▶ _Data for review_:
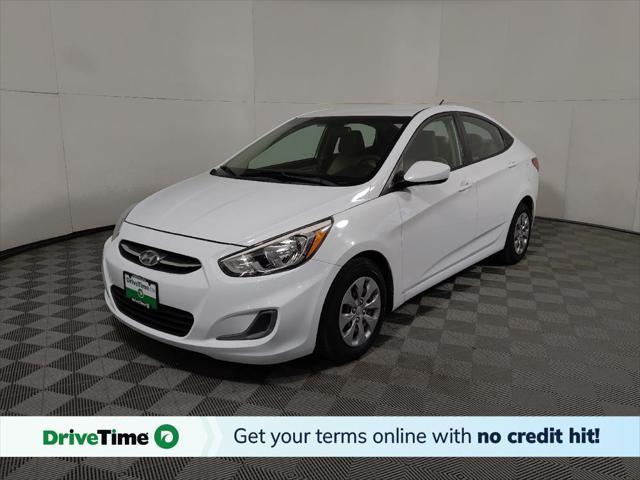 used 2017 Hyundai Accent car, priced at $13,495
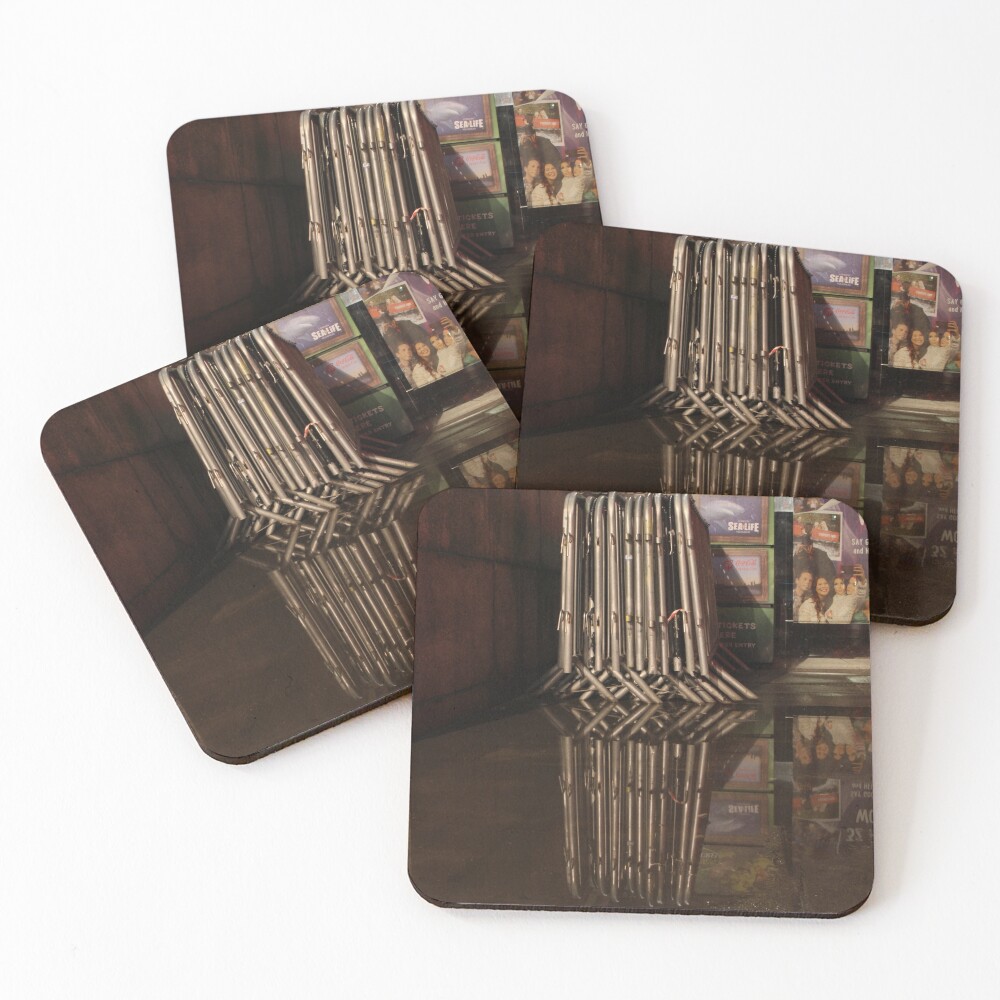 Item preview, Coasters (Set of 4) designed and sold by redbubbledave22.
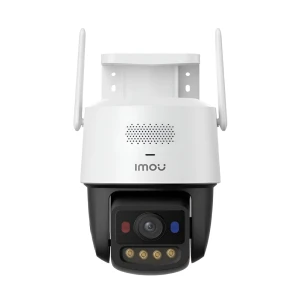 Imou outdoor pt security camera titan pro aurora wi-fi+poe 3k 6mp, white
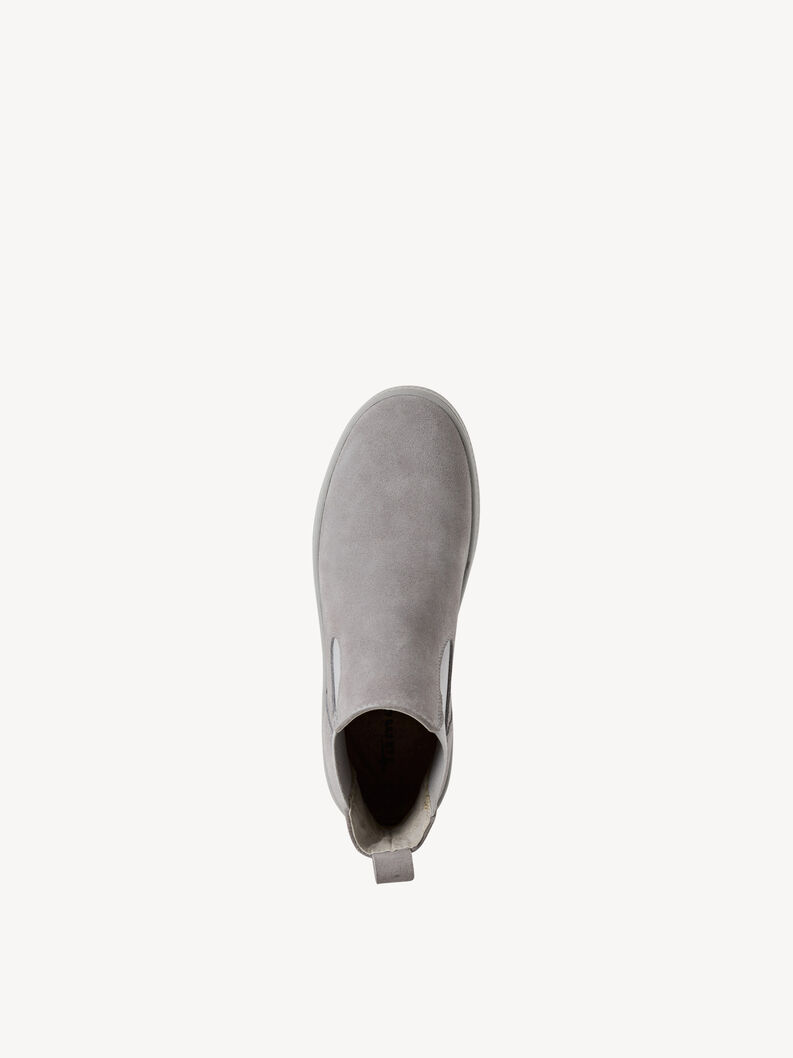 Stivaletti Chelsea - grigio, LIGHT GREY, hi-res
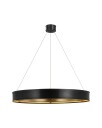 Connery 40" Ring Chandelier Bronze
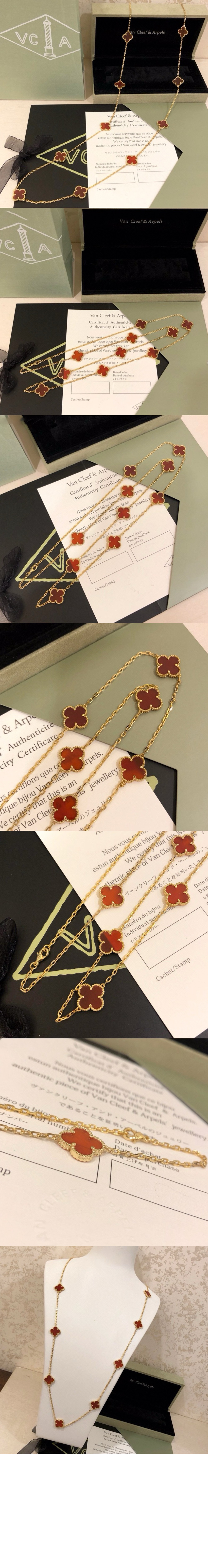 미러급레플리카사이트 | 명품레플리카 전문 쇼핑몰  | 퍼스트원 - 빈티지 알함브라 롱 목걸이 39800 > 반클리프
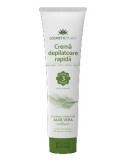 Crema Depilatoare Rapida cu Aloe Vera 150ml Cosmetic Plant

* * *

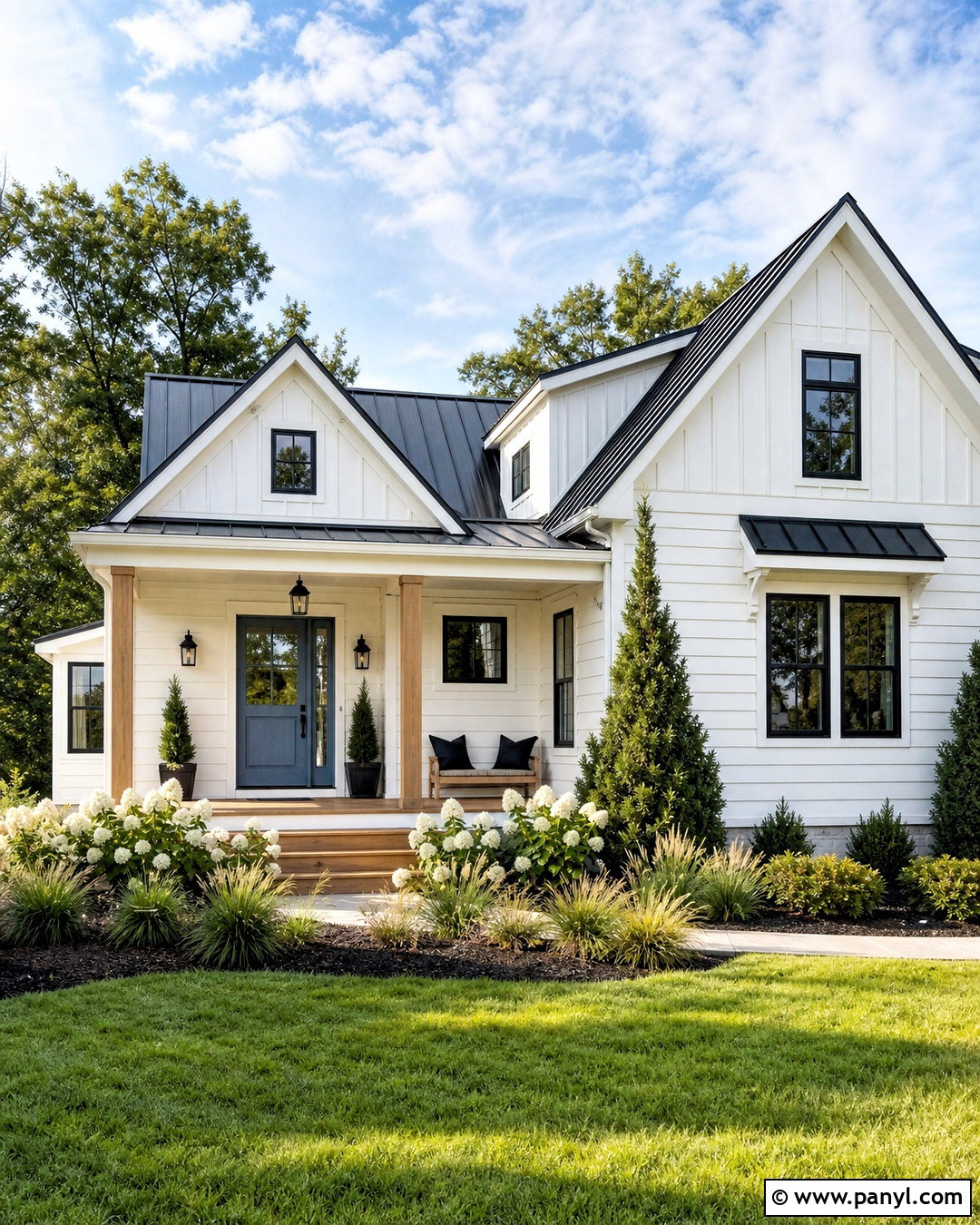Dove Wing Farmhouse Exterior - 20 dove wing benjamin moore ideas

---

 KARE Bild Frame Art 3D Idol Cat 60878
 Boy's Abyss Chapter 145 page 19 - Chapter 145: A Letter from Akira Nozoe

▶ _Work instruction_:
Could you reproduce exactly the lines of the entries above, from the one with "KARE Bild Frame Art 3D Idol Cat 60878" through the one with "Boy's Abyss Chapter", and nothing else?

▶ _Expected answer_:
 KARE Bild Frame Art 3D Idol Cat 60878
 Boy's Abyss Chapter 145 page 19 - Chapter 145: A Letter from Akira Nozoe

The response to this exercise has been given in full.